■ **Work task**
Beginning with the line that holds "El volante colombiano" and ending with the last line of the entries below, copy every line exactly and nothing else, with the pictures left out.

*** Entries supplied ***

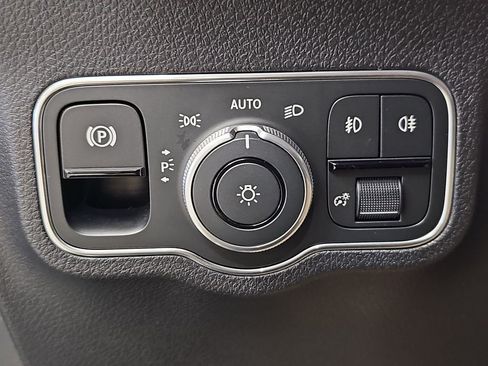 Used 2026 Mercedes-Benz GLB 250 4MATIC image 29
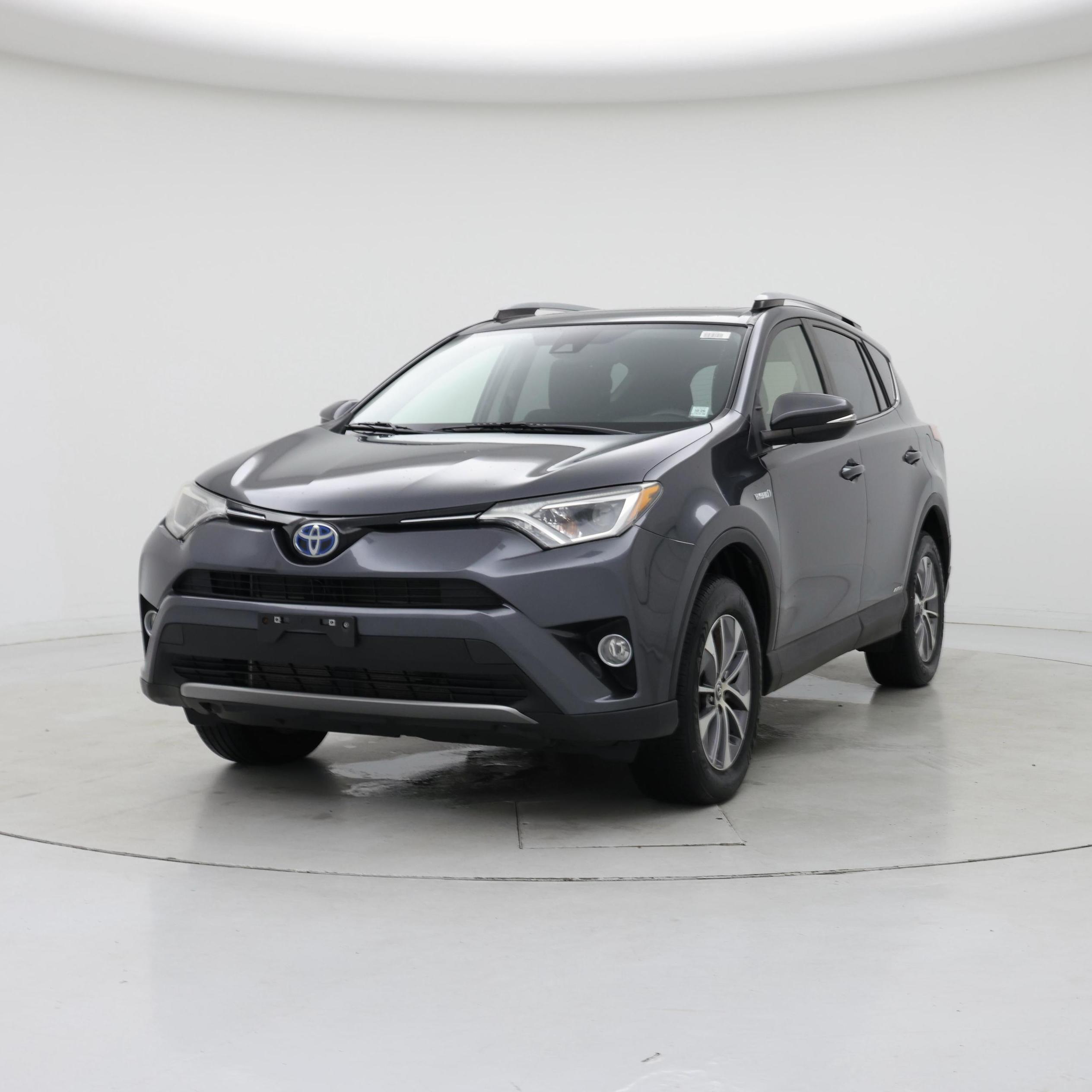 Thumbnail: 2018 Toyota RAV4 - 4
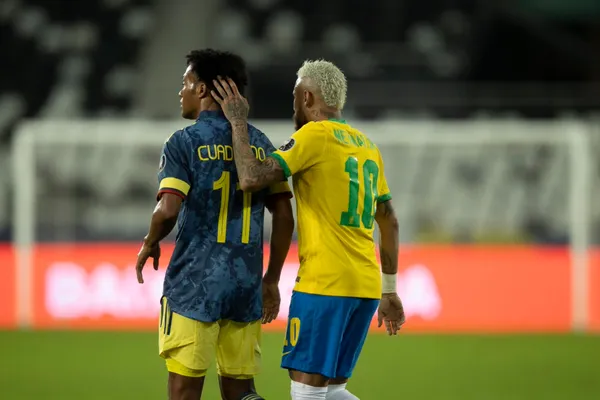 El volante colombiano recibió la tarjeta amarilla por un supuesto codazo sobre el brasileño.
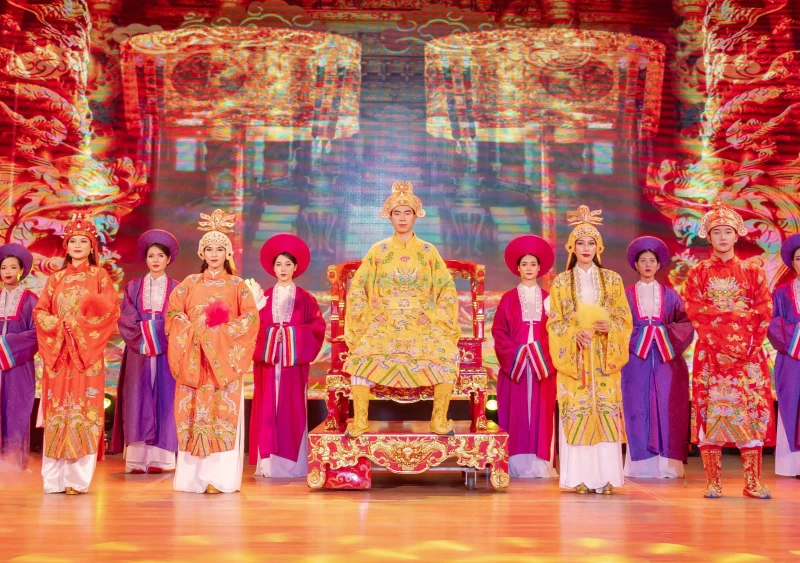 Biglietto per lo Spettacolo Ao Dai a Da Nang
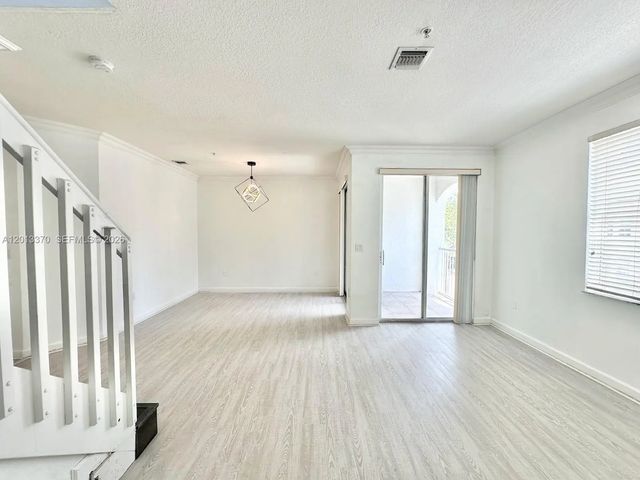 5 of 52 - 4371 Sw 160th Avenue #203, Miramar, FL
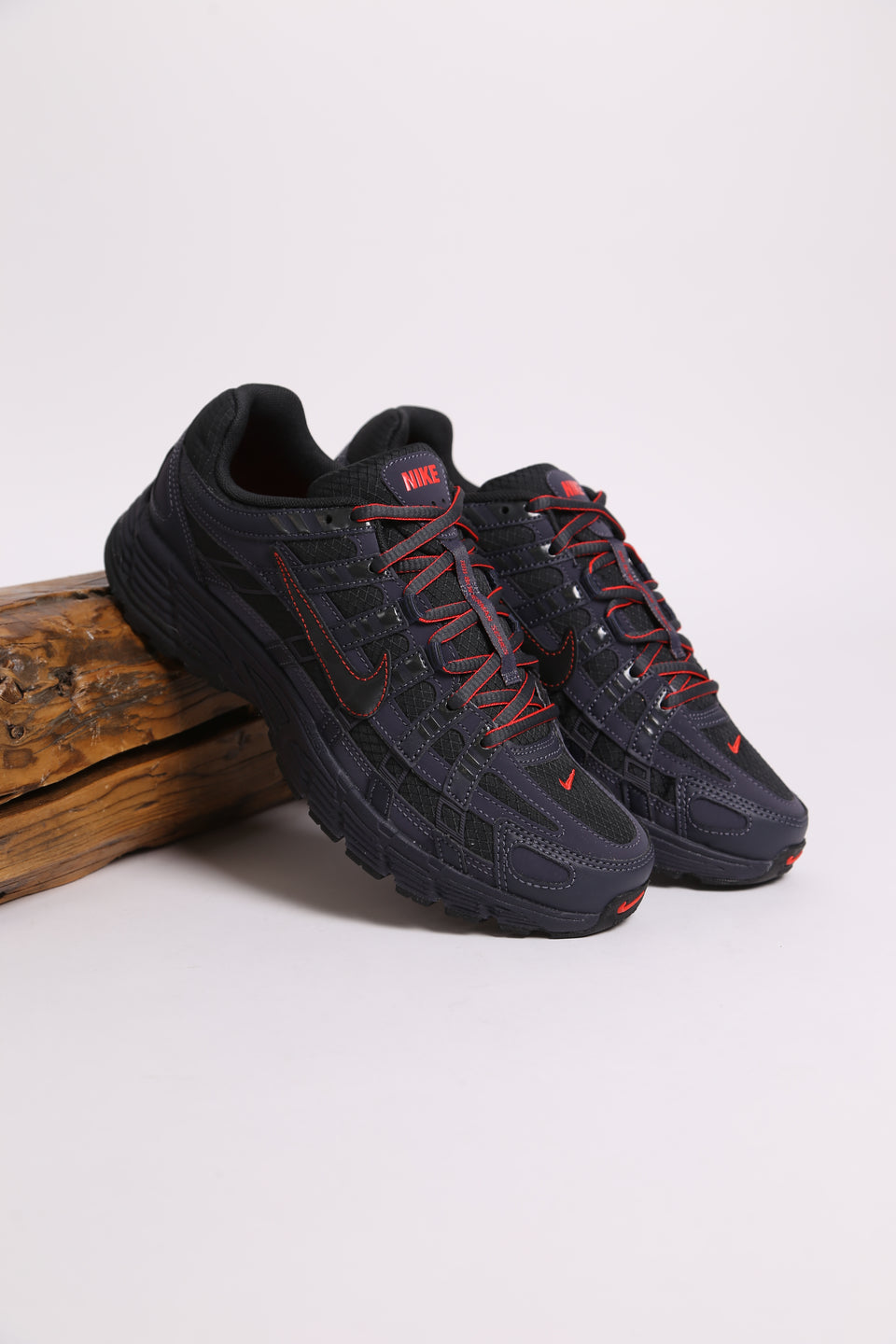 Nike P-6000 SE - Off-Noir Crimson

*** End of Entries supplied ***

■ **Solution for this problem**
 El volante colombiano recibió la tarjeta amarilla por un supuesto codazo sobre el brasileño.
 Biglietto per lo Spettacolo Ao Dai a Da Nang
 5 of 52 - 4371 Sw 160th Avenue #203, Miramar, FL
 Nike P-6000 SE - Off-Noir Crimson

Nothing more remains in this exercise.